WORK INSTRUCTIONS: Beginning with the line that holds "The Principles of Chemistry, Volume I The", copy every remaining line of the listing below exactly, and leave the pictures out.

THE DATA:
★ ★ ★

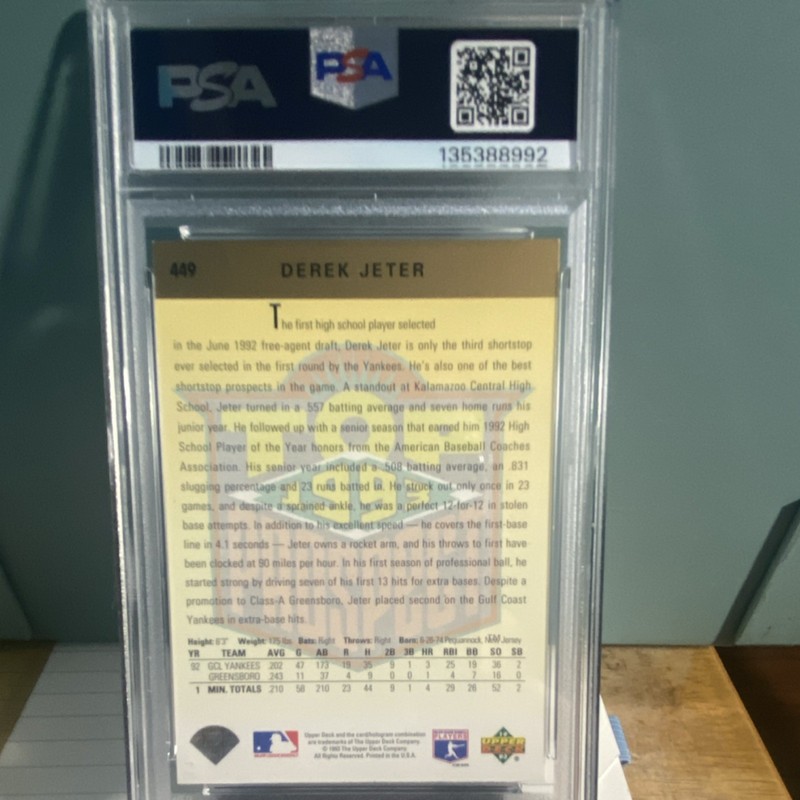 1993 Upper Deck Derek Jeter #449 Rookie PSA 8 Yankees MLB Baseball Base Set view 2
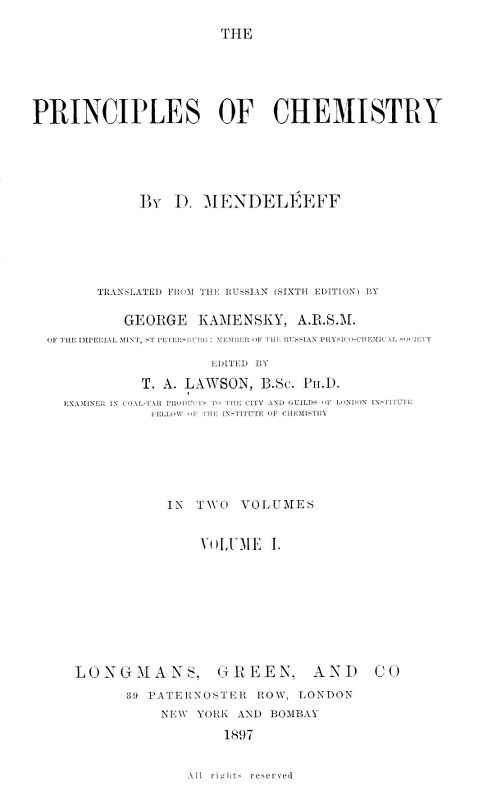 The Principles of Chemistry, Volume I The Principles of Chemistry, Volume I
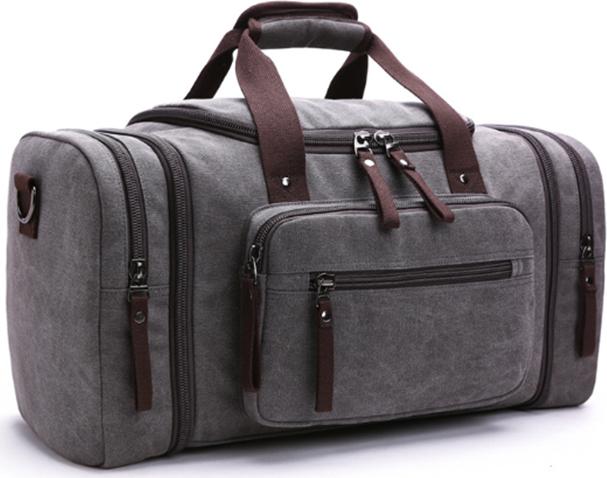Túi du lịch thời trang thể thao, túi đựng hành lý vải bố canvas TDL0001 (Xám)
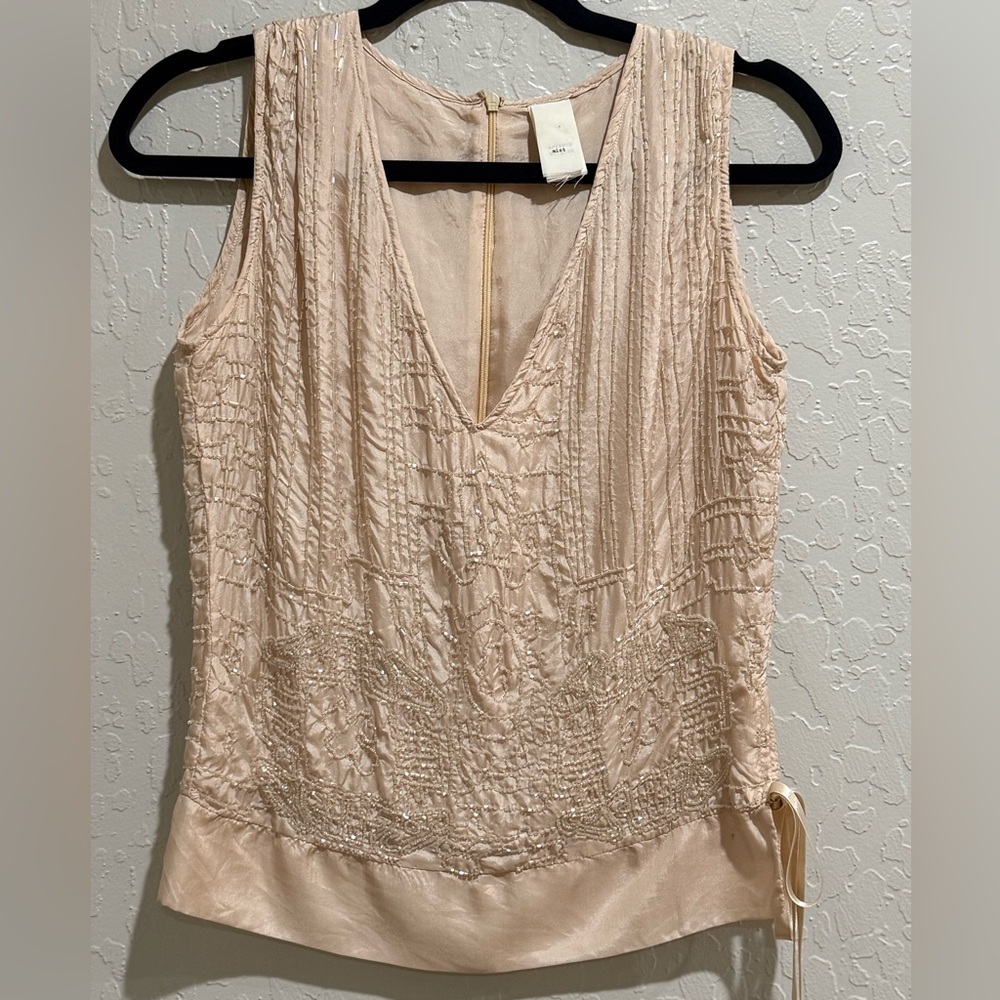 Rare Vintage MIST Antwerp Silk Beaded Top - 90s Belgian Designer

★ ★ ★

THE COMPLETED TASK:
 The Principles of Chemistry, Volume I The Principles of Chemistry, Volume I
Túi du lịch thời trang thể thao, túi đựng hành lý vải bố canvas TDL0001 (Xám)
 Rare Vintage MIST Antwerp Silk Beaded Top - 90s Belgian Designer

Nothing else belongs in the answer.